Nikolai sonunda ufak bir ışık bulmuşken bunu reddedemezdi. Hemşirenin sandalyeyi sürmeye başladığında kağıtları sıkıca tuttu ve tekrar tebessüm etti. Uzun bir aradan sonra onu tekrar görebilecekti.

Asansöre bindiklerinde hemşire çocuğa döndü ve ona eğildi.

"Birkaç güne taburcu olacaksın."

Nikolai şaşkınlıkla hemşireye bakıyordu. Bir yanı özgürlük isterken diğer yanı hala burada duruyordu.
Yanakları al al olduğunda sadece önüne döndü ve açılan asansörün kapısına baktı.

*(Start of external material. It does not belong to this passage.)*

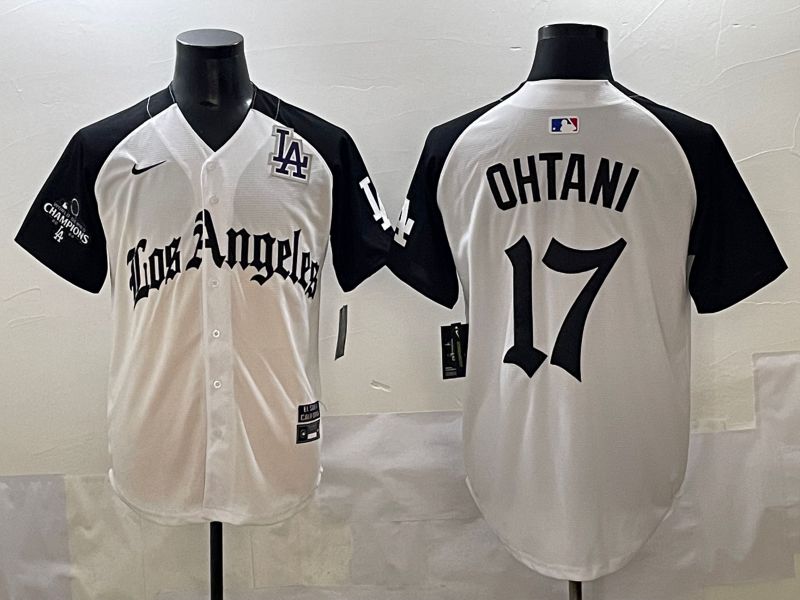 Men 2025 Los Angeles Dodgers #17 Ohtani White black Five generations Joint Name Nike MLB Jersey style 5265->->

Fyodorun odası bu kattaydı.

Yan odasındayken bu kata almaları nikolaiyi biraz üzmüştü. Neyseki asansör vardı ve hemşire ona yardım ediyordu.

Kapının önüne geldiklerinde hemşire kapıyı açtı ve odaya bakındı.
Oda tertemizdi, yatak biraz bozulmuş olsa da odada kimse yoktu.

Hemşireye seslenen bir sesle kadın, hemen geleceğini söyleyip nikolainin yanından ayrıldı.
Nikolai ise suratını hemen asmadı. Burası onun odası ise kağıtları buraya bırakırdı, fyodor ise ne kadar kızdığını anlayıp onun yanına gelirdi!
Hemen sandalyeyi sürüp yatağın yanındaki masaya düzenli bir şekilde hepsini bırakıp odaya bakındı.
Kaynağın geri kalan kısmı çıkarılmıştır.